Some UK-based agents and distributors have upgraded their divisions to take advantage of a growing opportunity. A spokesperson for the Panel Division of MBM Forest Products Ltd in Tilbury, Essex, said: “We have recognised the importance of Russia as a source of sustainable hardwood plywood. As a result of employing a specialist Russian buyer earlier this year, we have forged closer relationships with the mills, leading to improvements in our supply chain. Our stock in Russian birch at MBM and Falcon Panel Products Ltd (both part of the CTH Group) is higher than last year, and shipments are coming on a regular basis.”

New mill

Andy Green of Multiply Birch Plywood Company Ltd, sole UK agent for Syktyvar Plywood in the Komi Republic, told TTJ that the Russian company is investing in a new mill at Gagarin, Smolensk. Production is expected to begin in 2011, when the mill will produce 150,000m3 of birch plywood for both the domestic and export market. Around 50% of production will be

further processed to produce phenolic-coated mesh-faced plywood for uses such as vehicle construction, mezzanines and leisure equipment.

Mr Green said the expansion formed part of a US$270m (€200m) investment programme in Russia, and a new 400,000m3 per year chipboard mill was already under construction in Gagarin and due to open next year. The production will include some standard grade chipboard, he added, but the mill will concentrate on value-added products such as melamine and veneered boards for the domestic market.

On the softwood front, Russian prices have been steadily increasing throughout 2007, with redwood continuing to break all previous levels. Shipments from the north-west region have been consistent through the spring and early summer, but there are notable shortages in redwood specifications as volumes shipped have been less than contracted for.

A number of sawmills are holding higher volumes of whitewood logs than redwood, which indicates that cargoes yet to be shipped after the summer holidays will contain a larger proportion of spruce than pine.

Redwood prices

The current high price being obtained for redwood has encouraged some UK planing mills to switch to the better grades of whitewood as an alternative. But while whitewood is used extensively on the Continent for joinery, UK manufacturers still prefer the intrinsic properties of redwood for cutting and jointing.

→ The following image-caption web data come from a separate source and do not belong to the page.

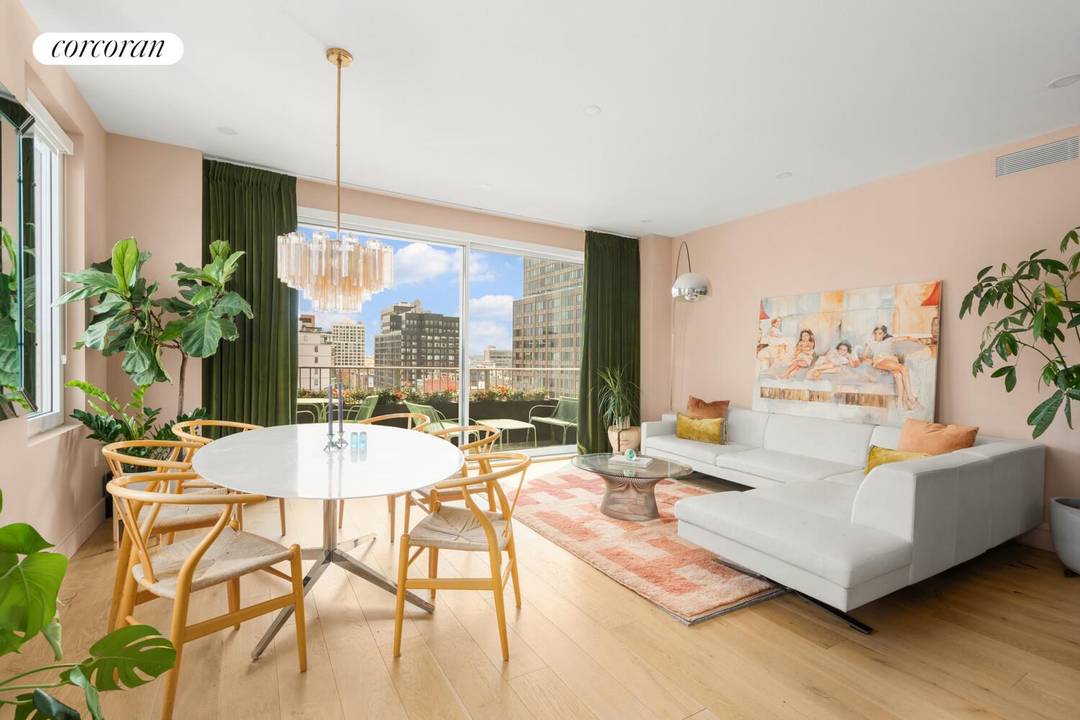 Residence 8B, a beautifully updated three bedroom home at 350 Butler Street, blends modern design with warmth, comfort, and thoughtful customization.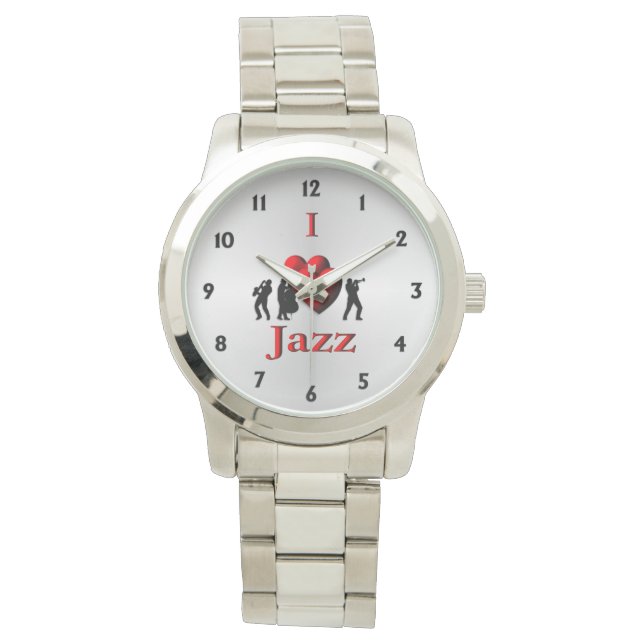 Iハートジャズとブラックナンバーズ 腕時計 (正面)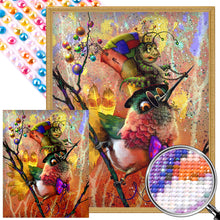 Load image into Gallery viewer, AB Diamond Painting - Full Round - Birds with Hats (40*50CM)
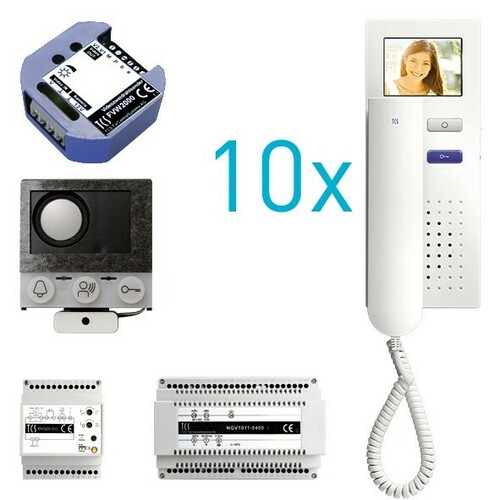 TCS Tür Control video:pack Einbau für 10 Wohneinheit PVIH100/001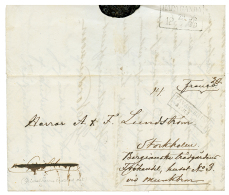 FINLAND / SWEDEN - Cover From TAVASTEHUS To SWEDEN Diverted OVERLAND Due To BALTIC BLOCKADE : 1855 Rare Mail To Sweden R - Postmark Collection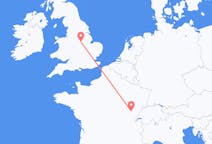 Flights from Dole, France to Nottingham, England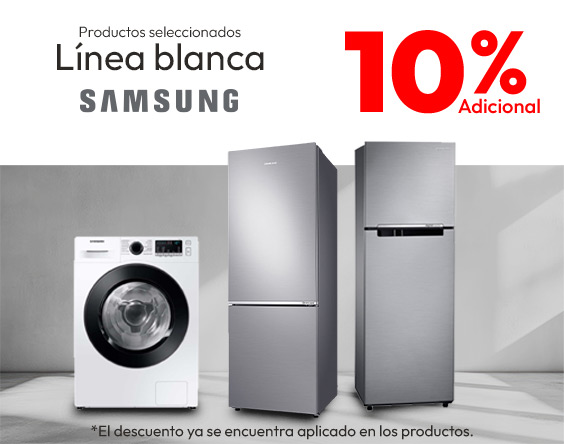 samsung 10% de dcto adicional en lb productos seleccionados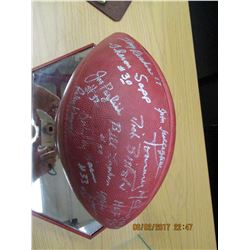 Wilson The Duke NFL Team Signed Foot Ball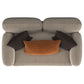 Loveseat con brazos esculpidos tapizado en chenilla Jade Latte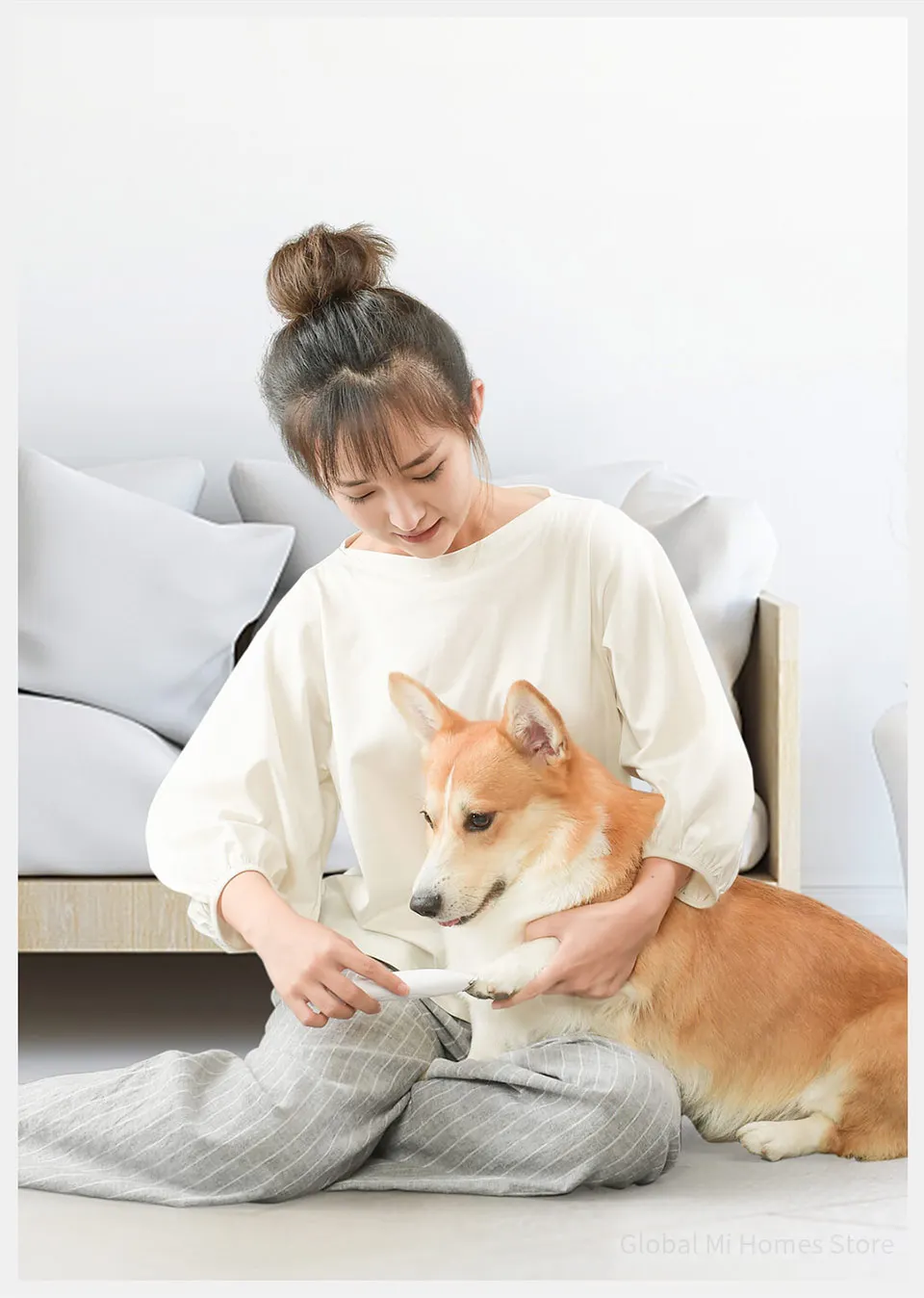 Xiaomi Youpin Pawbby Pet местная электробритва для стрижки собак и кошек, бритвенные волосы для собак, электрическая машинка для ремонта волос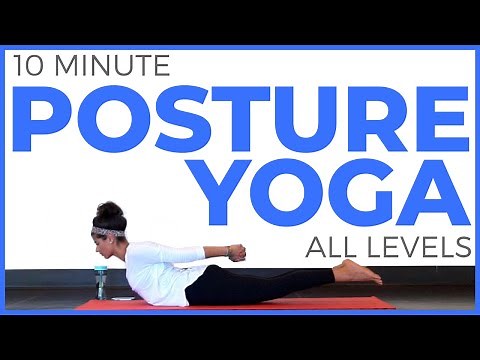 10 minute Yoga for Posture (All Levels) | Sarah Beth Yoga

Although sales of Russian softwood have been relatively buoyant over the last few months, the poor weather in July has affected sales for many merchant outlets, and demand for decking has been well below most peoples’ projections. Whether sales will catch up should the situation improve is anyone’s guess, but there are some specifications available in decking thicknesses of 32mm and 38mm for prompt delivery.

Yet the future does look promising for softwood, as the urgent need to increase housebuilding is being highlighted in the media from all sides of the political spectrum. For UK importers, any upward trend will be welcome, because landed stocks of carcassing are currently too high in relation to demand. It may take several months before the carcassing market regains the necessary balance and, during that time, buyers will be adopting an ultra-cautious approach to forward contracts.

Some importers are taking the same approach to joinery grades, and many feel that prices of Russian redwood will plateau in the near future.

As growth and investment in the forest products industry continues, Russia’s geographical proximity to China’s rapidly expanding market will ensure further growth in demand for commodity products such as sawn timber and value-added wood products. In eastern Europe, the expansion of wood-based manufacturing will also create further need for a new wave of Russian hi-tech production plants. These will produce the higher margin returns in the forestry sector that the government wishes to see.